ACTIVITY - Your answer must be the data repeated exactly, with no pictures in it.

DATASET EXTRACT -
**********
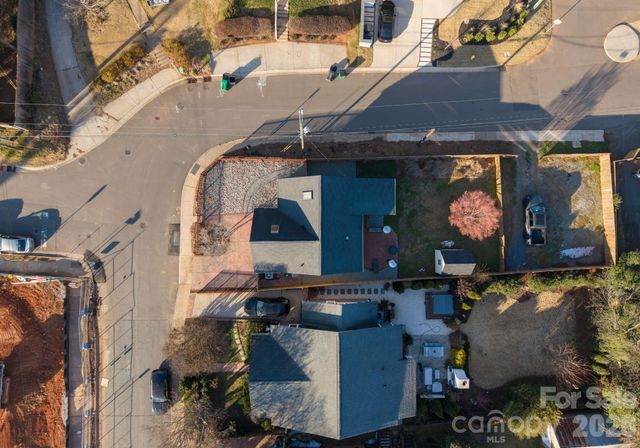 1424 Nandina Street, Charlotte, NC 28205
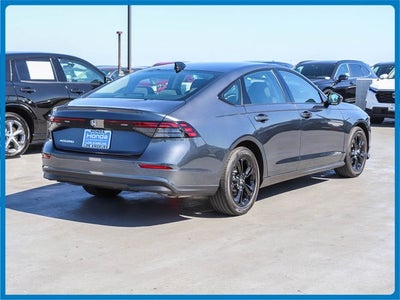 2025 Honda Accord SE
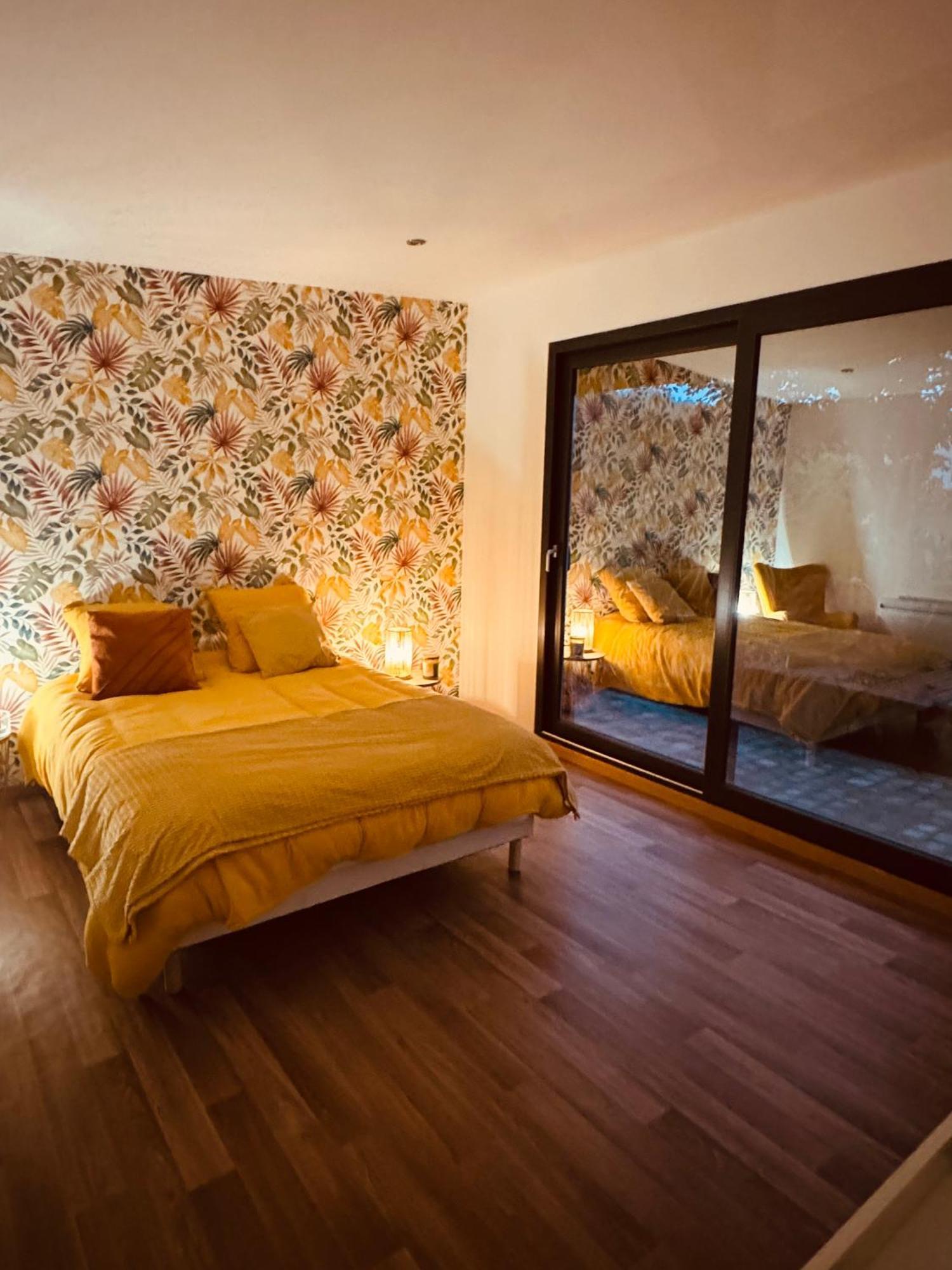 Le Chant De La Riviere Holiday home *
**********
ANSWER BELOW -
 1424 Nandina Street, Charlotte, NC 28205
 2025 Honda Accord SE
 Le Chant De La Riviere Holiday home *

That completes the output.